══ Source material ══

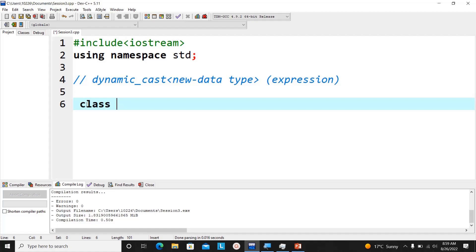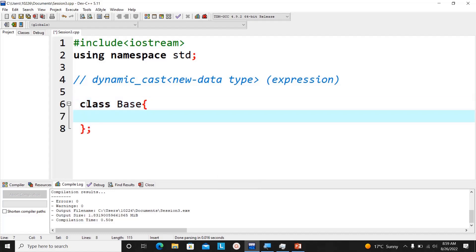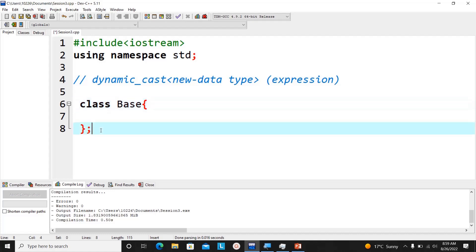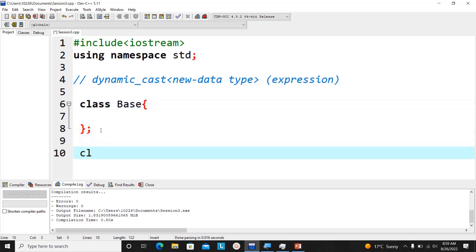Dynamic casting requires the C++ inheritance concept. We are going to have a parent class and a child class. I'll call the parent class a base class — also known as a super class. Inside the base class I can have data members and member functions, but for this example since we are just learning about type conversion, I'll leave it blank.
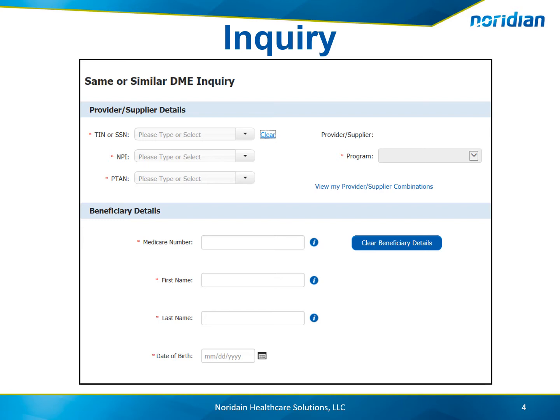Then enter the Beneficiary Medicare number, the first and last name, and the date of birth.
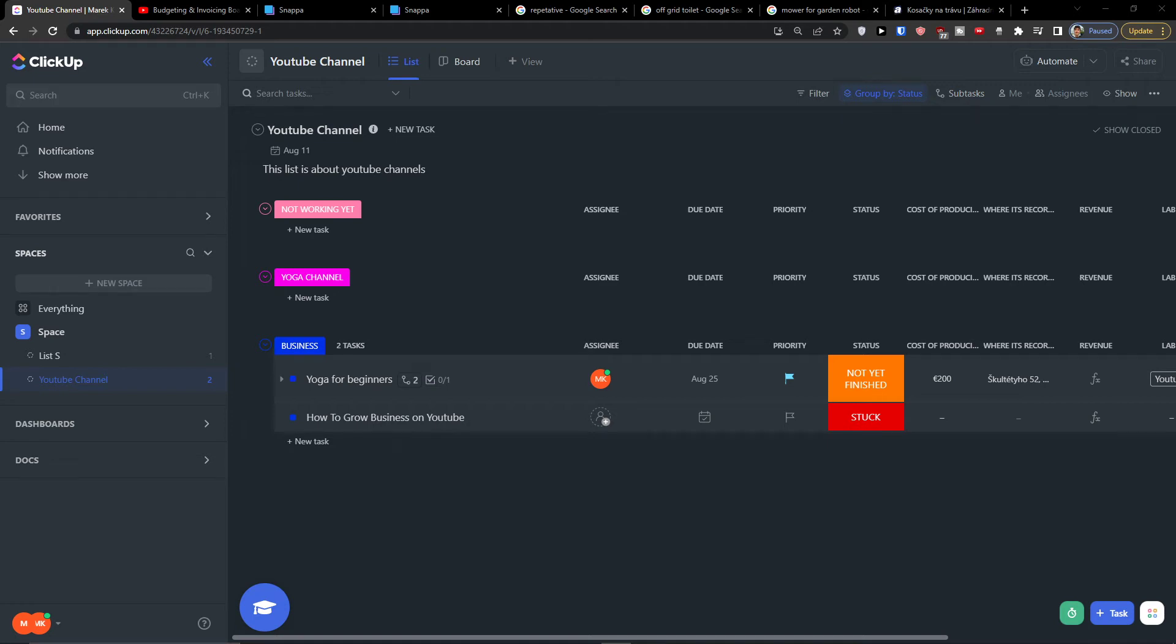Hey there guys, my name is Marques and in this video I'm going to teach you step-by-step how we can easily use board in ClickUp.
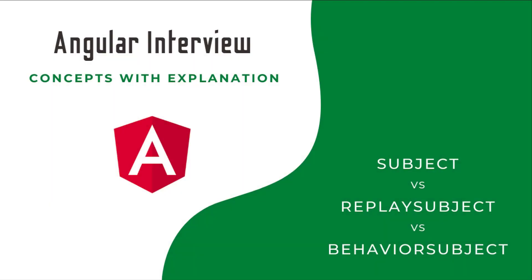Hi friends, welcome to the new series Angular Interview Concepts with Explanation. In this series, I'm explaining some of the concepts.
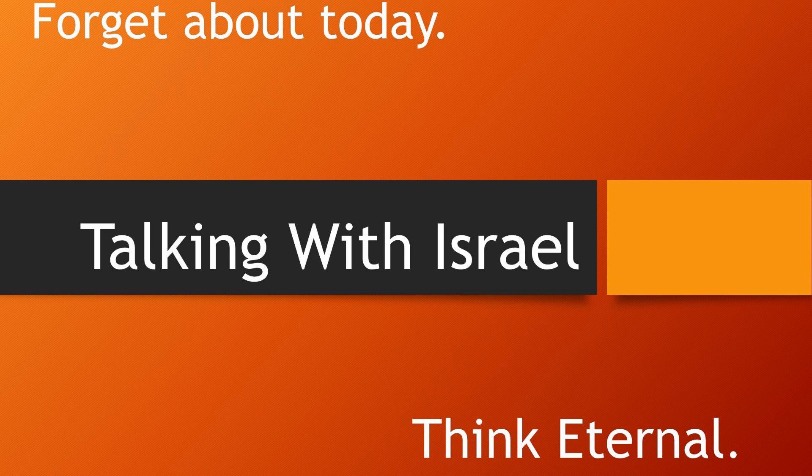Good day Israelites, my name is Brother Greg Qualls. Welcome back to Talking with Israel.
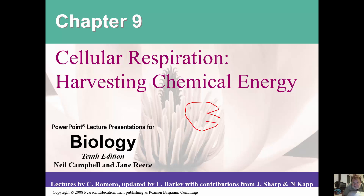Hi, this is Nick Kapp and I have roughly 20 minutes to go through a hundred slides, so I'm going to go really fast.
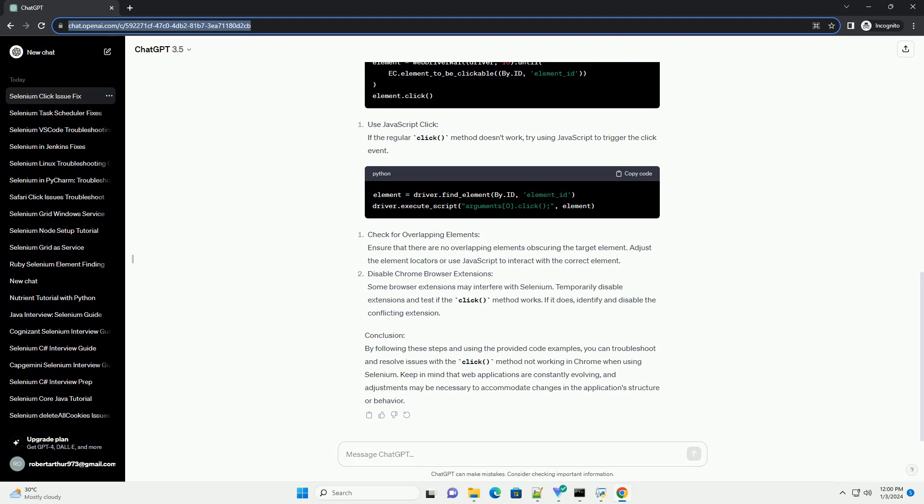Disable Chrome browser extensions. Some browser extensions may interfere with Selenium. Temporarily disable extensions and test if the click method works. If it does, identify and disable the conflicting extension.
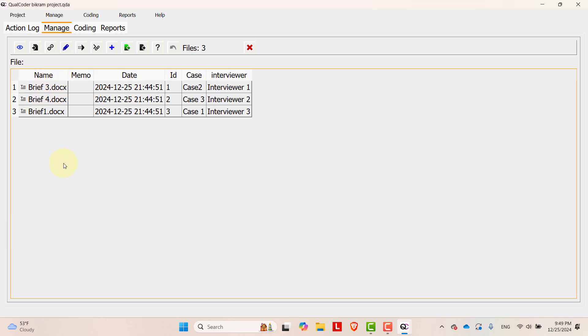In this way, you can manage cases, manage files, import files, and then link between cases and files, and do some settings in Qualcoder.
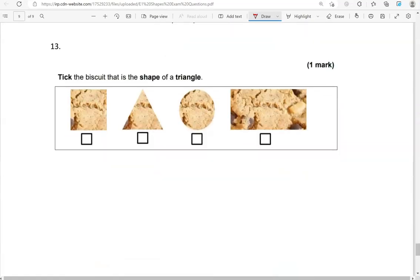Take the biscuit that is in the shape of a triangle. That's this one here.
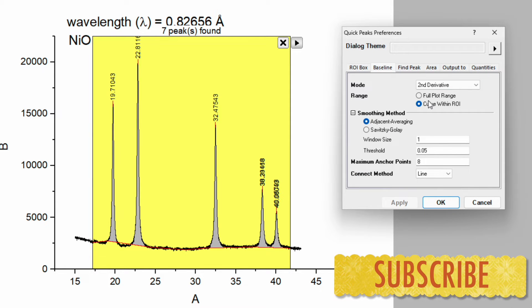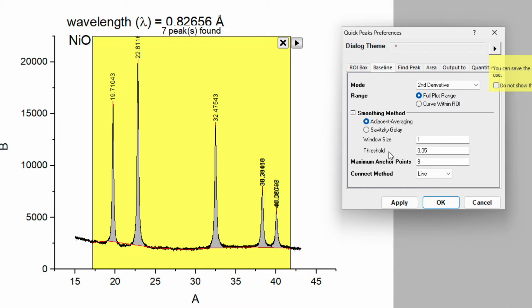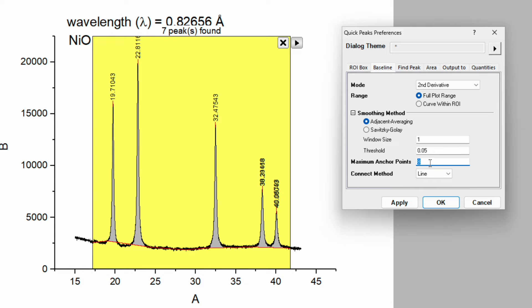In the baseline you can see the different options. Click on the full plot. Then you can see options for threshold and the maximum anchor point. So let's tune this anchor point, change and apply.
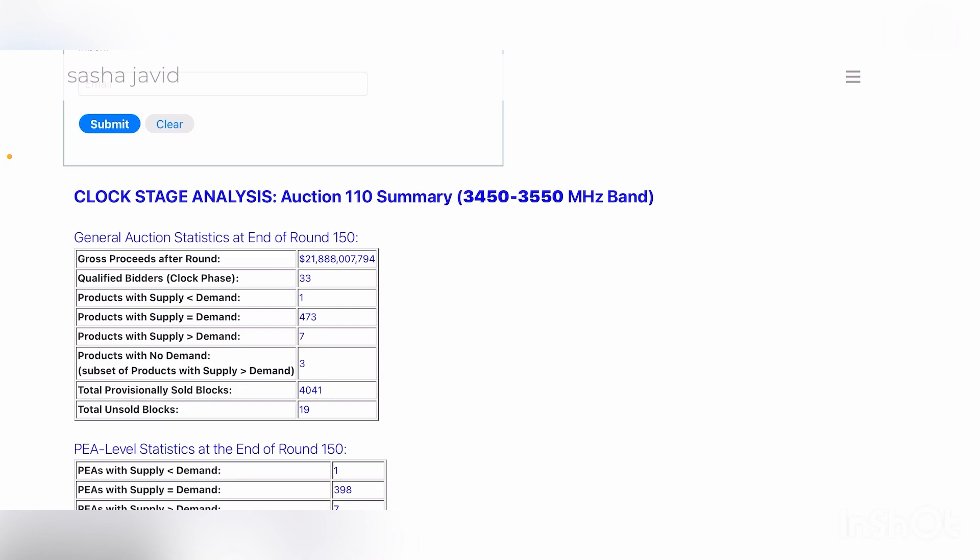The total winnings and who won what, that'll be another few weeks before we get that release. But as soon as that comes out and we know who won, what amount of spectrum and where, I will give you an update on that as well.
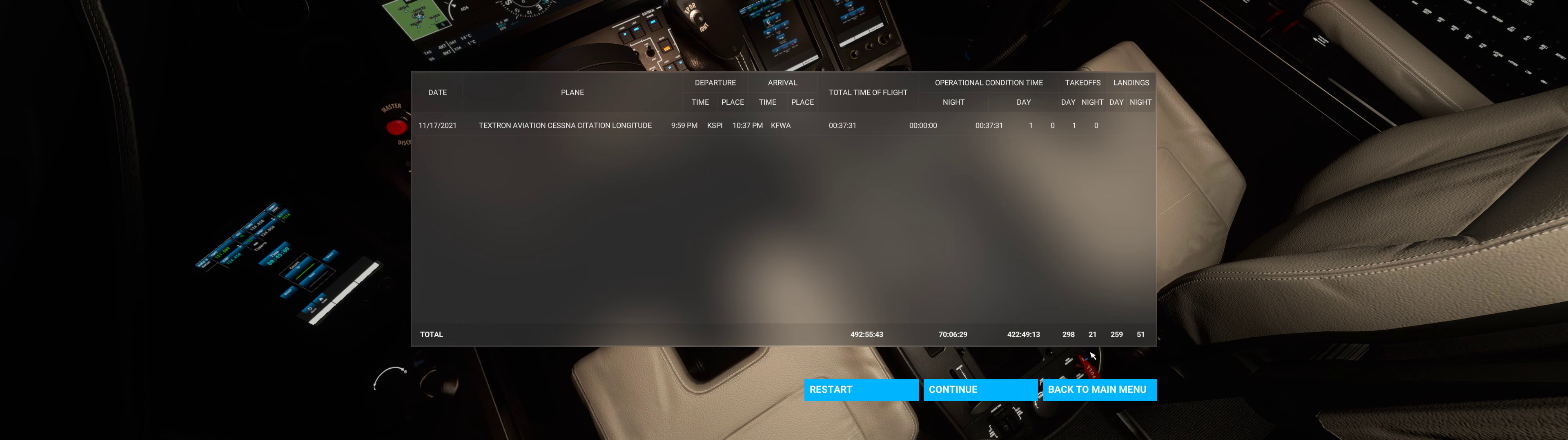Lockbook screen. KSPI, Springfield, Illinois, to KFWA, Fort Wayne, Indiana. 37 minute, 31 second flight. Have a good day, everybody.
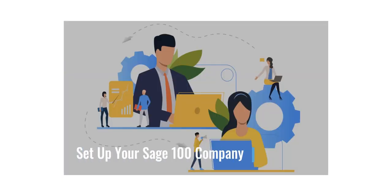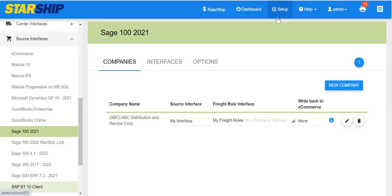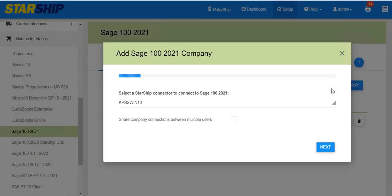Today we're talking about how to set up your Sage 100 company in Starship. In Setup Source Interfaces, select Sage 100 and then click the New Company button.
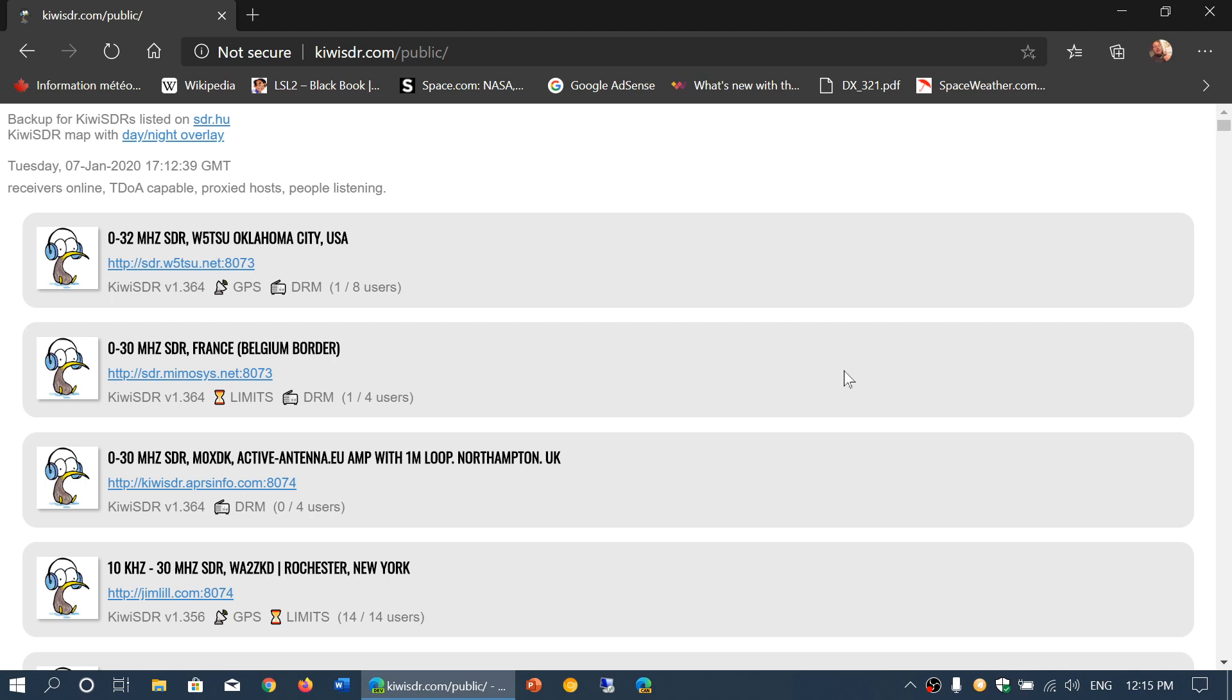I don't understand, sorry. Anyways, I'll post the link to this one in the description below the video. If you want to continue checking out some online Kiwi SDRs, go through this website, kiwisdr.com/public. That's where it all will work for now.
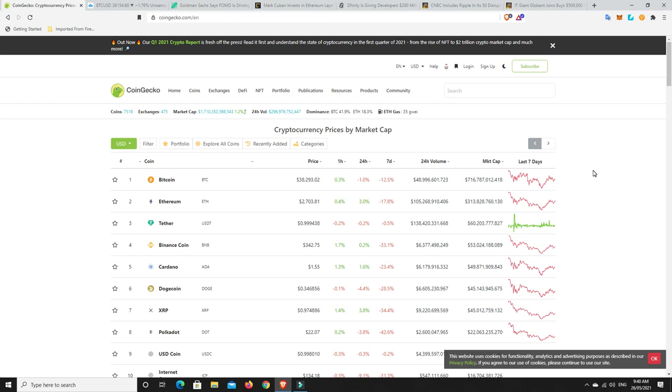G'day YouTube, 1MJ here and welcome back. Wednesday morning here in Australia, market cap has moved up just a little bit, but really it's kind of a lot of sideways action going on at the moment.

═══

(Exercise):
For this exercise, return the records above in full and exactly, omitting the images.

(Answer box):
Dynamic casting requires the C++ inheritance concept. We are going to have a parent class and a child class. I'll call the parent class a base class — also known as a super class. Inside the base class I can have data members and member functions, but for this example since we are just learning about type conversion, I'll leave it blank.
Then enter the Beneficiary Medicare number, the first and last name, and the date of birth.
Hey there guys, my name is Marques and in this video I'm going to teach you step-by-step how we can easily use board in ClickUp.
Hi friends, welcome to the new series Angular Interview Concepts with Explanation. In this series, I'm explaining some of the concepts.
Good day Israelites, my name is Brother Greg Qualls. Welcome back to Talking with Israel.
Hi, this is Nick Kapp and I have roughly 20 minutes to go through a hundred slides, so I'm going to go really fast.
Disable Chrome browser extensions. Some browser extensions may interfere with Selenium. Temporarily disable extensions and test if the click method works. If it does, identify and disable the conflicting extension.
In this way, you can manage cases, manage files, import files, and then link between cases and files, and do some settings in Qualcoder.
Take the biscuit that is in the shape of a triangle. That's this one here.
In the baseline you can see the different options. Click on the full plot. Then you can see options for threshold and the maximum anchor point. So let's tune this anchor point, change and apply.
The total winnings and who won what, that'll be another few weeks before we get that release. But as soon as that comes out and we know who won, what amount of spectrum and where, I will give you an update on that as well.
Lockbook screen. KSPI, Springfield, Illinois, to KFWA, Fort Wayne, Indiana. 37 minute, 31 second flight. Have a good day, everybody.
Today we're talking about how to set up your Sage 100 company in Starship. In Setup Source Interfaces, select Sage 100 and then click the New Company button.
I don't understand, sorry. Anyways, I'll post the link to this one in the description below the video. If you want to continue checking out some online Kiwi SDRs, go through this website, kiwisdr.com/public. That's where it all will work for now.
G'day YouTube, 1MJ here and welcome back. Wednesday morning here in Australia, market cap has moved up just a little bit, but really it's kind of a lot of sideways action going on at the moment.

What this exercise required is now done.